The new system analyzes and collects data provided by all nine multiple listing services used by Realtors around New Jersey, allowing the Edison-based organization to generate monthly reports for municipal, county and statewide markets.

Jarrod Grasso, the group's CEO, said the project eliminates its reliance on regionalized reports issued by its national counterpart, which didn't provide it with a true sense of local areas.

The database, developed and run by Edina, Minn.-based 10K Research and Marketing, also ensures each transaction is counted only once despite being reported to more than one listing service, Grasso said. That was an issue in past attempts to compile the data.

"The issue that it caused is that you were inflating housing statistics — for better for worse," Grasso said. "So this way, now we have a true picture for what's really going on here in the state."

The monthly 10K reports track data such as new listings, closed sales and median sales price for single-family homes, town homes and adult communities.
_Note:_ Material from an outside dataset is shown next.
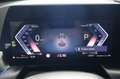 BMW X1 sDrive 18d Msport Pro nuova km 0!!! uff italia Gri - thumbnail 12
Members of the public can access county and state reports at www.njar.com/10k, while municipal reports are only available to NJAR members.

Grasso noted the latest report for August has some favorable indicators, including a 13.7 percent rise in closed single-family home sales and a 6.8 percent uptick in the median sale price, to $315,000, from August 2012. He also said the state's inventory was down about 30 percent, to a supply of eight months.

"One of the big key aspects to our housing recovery is clearing out short sales and foreclosures," Grasso said, noting that having foreclosures handled by the courts has led to a backlog in New Jersey. "So, seeing that inventory starting to drop means that we're starting to clear out those distressed sales."